To create the pretty-permalink structure, select the Day and Name (or Month and Name) radio button; then click the Save Changes button at the bottom of the page.

For optimization reasons, a preferred permalink structure is a custom one using the tag %postname% in the Custom Structure field found on the Permalink Settings page. The reason this is preferred is because it strips all the date information and leaves only the post name, or slug, itself.

For example, using the Day and Name structure for permalinks, posts’ permalinks would look like this: http://yourdomain.com/2011/01/02/post title/; however, if the preferred method of %postname% were used the permalinks look like this: http://yourdomain.com/post name. See how it shortens the permalink URL considerably? This is a better method for search engine optimization, and it just looks better.

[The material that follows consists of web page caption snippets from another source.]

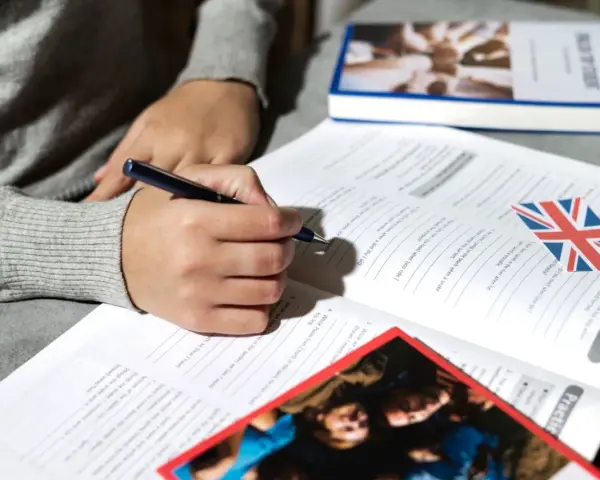 Osoba pisze długopisem w zeszycie z ćwiczeniami z języka angielskiego. Obok leży książka i flaga Wielkiej Brytanii. To pomoc w nauce, jak klauzula CV po angielsku.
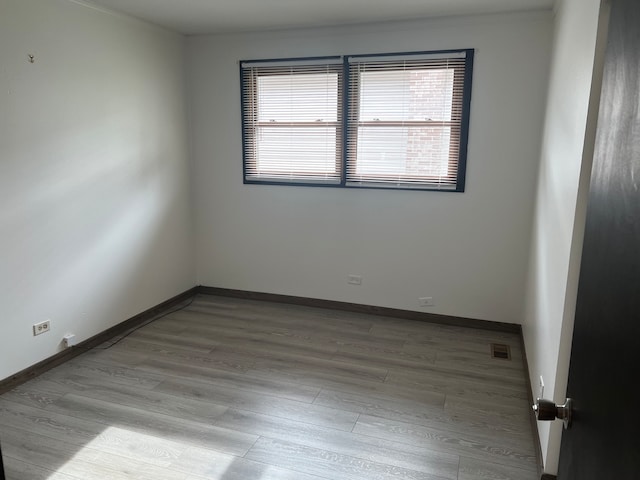 spare room featuring crown molding and light hardwood / wood-style flooring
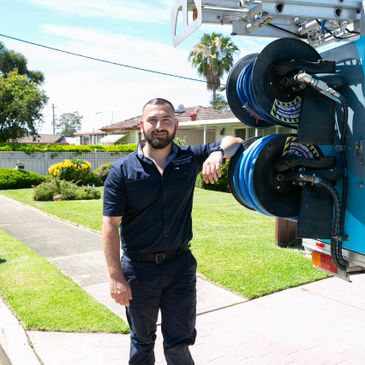 Man standing next to a truck with blue hose reels on a sunny day.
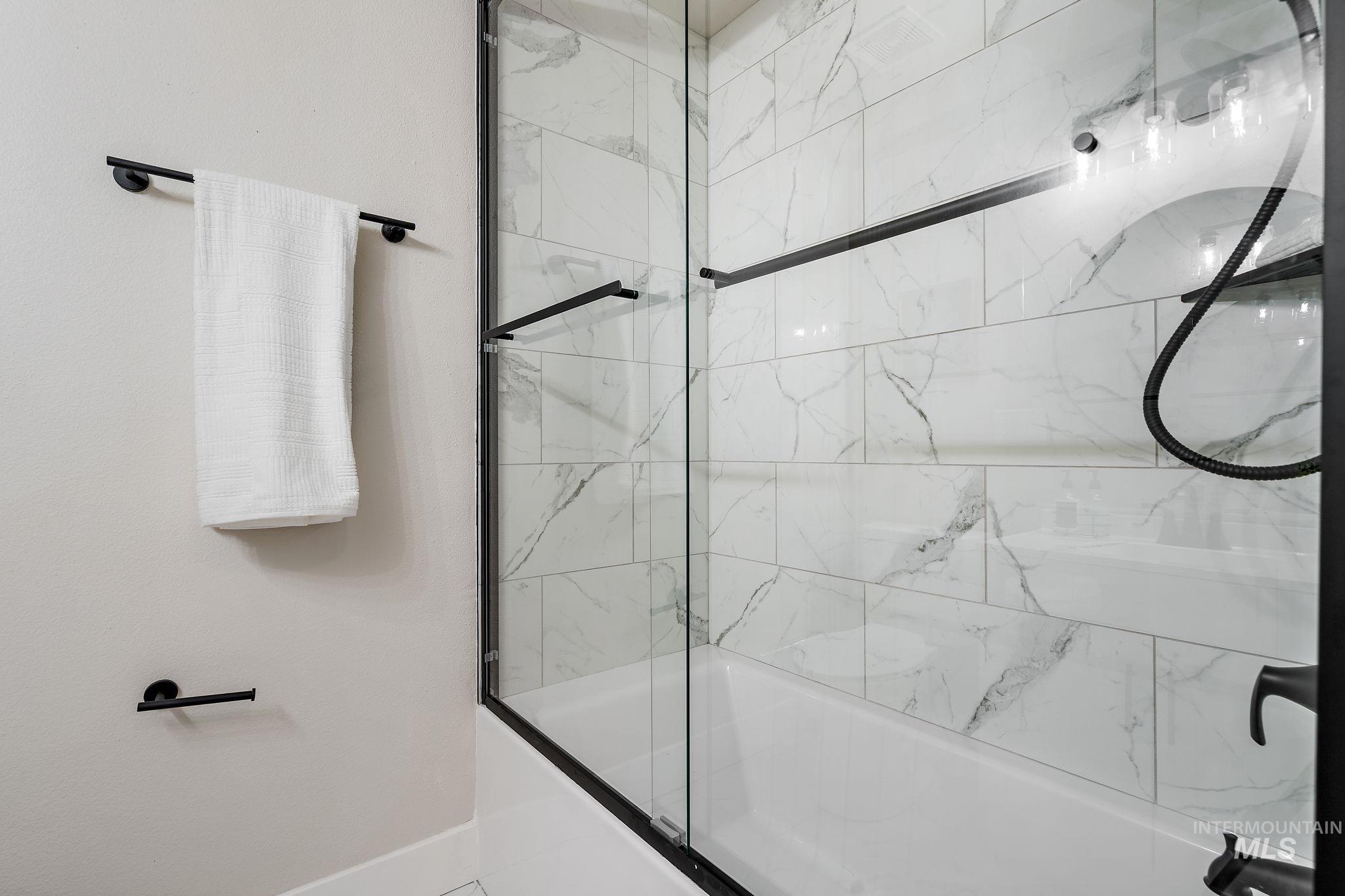 Full bathroom with combined bath / shower with glass door and baseboards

Customizing your permalinks

A custom permalink structure lets you define which variables you want to see in your permalinks by using tags.

Custom Permalinks
Permalink Tag Results
%year% 4-digit year (such as 2007)
%monthnum% 2-digit month (such as 02 for February)
%day% 2-digit day (such as 30)
%hour% 2-digit hour of the day (such as 15 for 3 p.m.)
%minute% 2-digit minute (such as 45)
%second% 2-digit second (such as 10)
%postname% Text — usually, the post name — separated by hyphens (such as making-pretty-permalinks)
%post_id% The unique numerical ID of the post (such as 344)
%category% The text of the category name that you filed the post in (such as books-i-read)
%author% The text of the post author’s name (such as lisa-sabin-wilson)

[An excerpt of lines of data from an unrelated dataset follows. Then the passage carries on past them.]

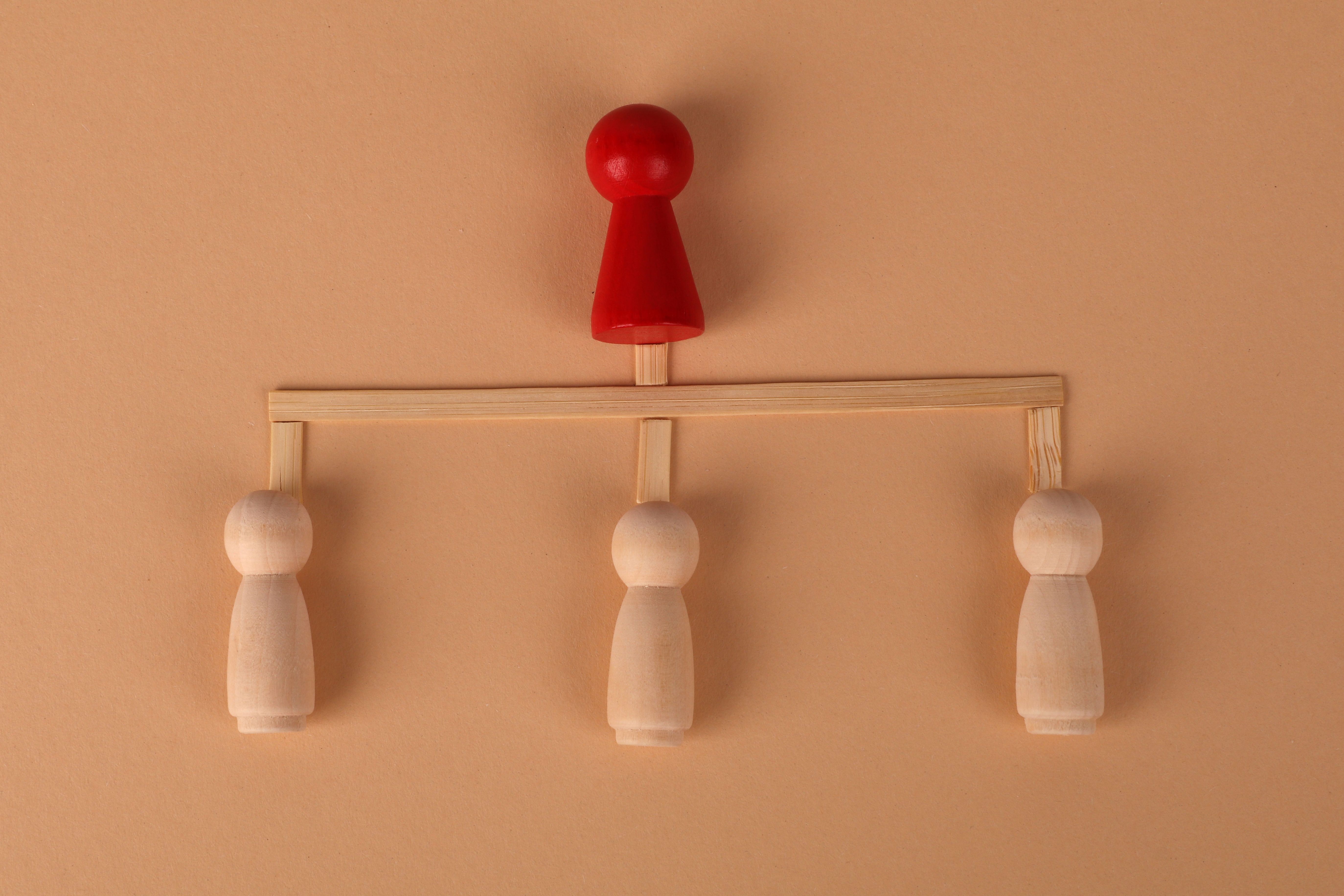 Minimalist arrangement of wooden figures depicting hierarchy and leadership concept.
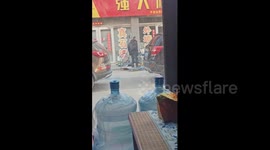 Playful pensioner stands on warehouse trolley like a skateboard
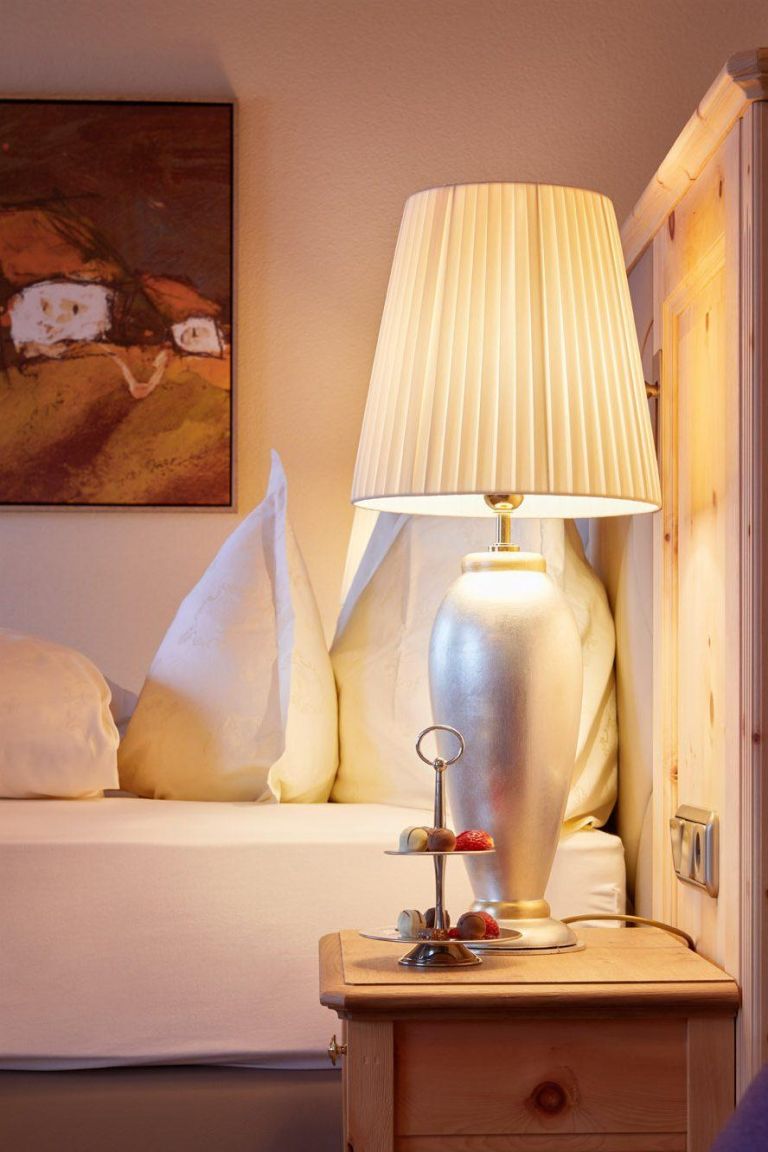 Nachttischlampe und Etagère mit Pralinen auf einer Holzkommode neben einem weiß bezogenen Bett; An der Wand ein Bild in Brauntönen.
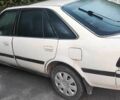 Белый Тойота Карина, объемом двигателя 2 л и пробегом 200 тыс. км за 509 $, фото 1 на Automoto.ua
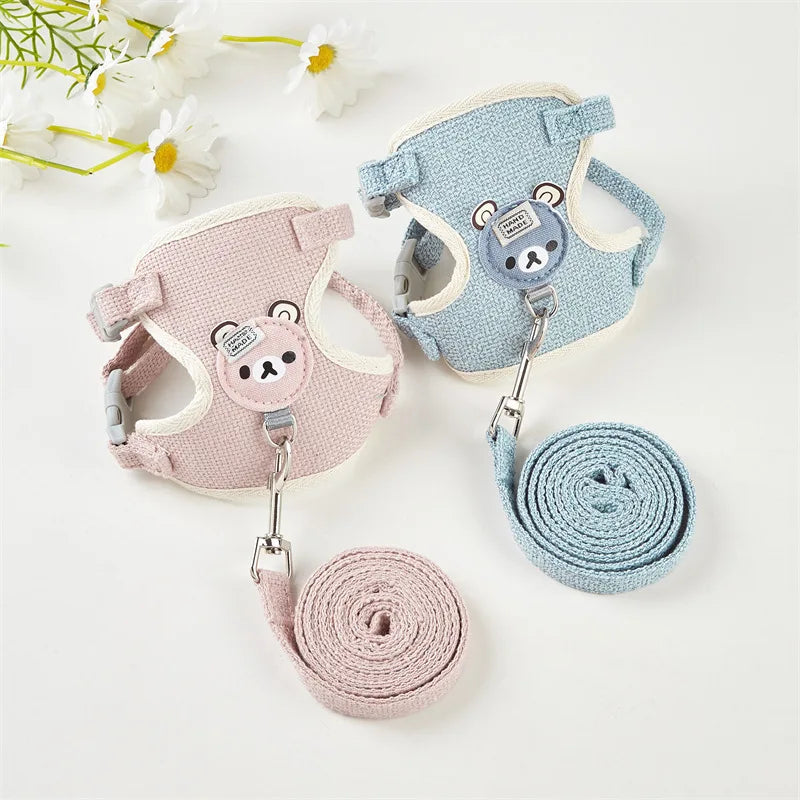 Two pet harnesses, one pink and one blue, with matching leashes on a white background.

If you want your permalink to show the year, month, day, category, and post name, select the Custom Structure radio button in the Permalink Settings page and type the following tags in the Custom Structure text box: /%year%/%monthnum%/%day%/%category%/%postname%/

Under this permalink format, the link for the WordPress For Dummies post made on February 1, 2008, filed in the Books I Read category, would look like this: http://yourdomain.com/2008/02/01/books-i-read/wordpress-for-dummies/

Be sure to include the slashes before tags, between tags, and at the very end of the string of tags. This format ensures that WordPress creates correct, working permalinks by using the correct re_write rules located in the htaccess file for your site.

Changing the structure of your permalinks in the future affects the permalinks for all the posts on your blog for both new and old. Keep this fact in mind if you ever decide to change the permalink structure. An especially important reason: Search engines (such as Google and Yahoo!) index the posts on your site by their permalinks, so changing the permalink structure makes all those indexed links obsolete.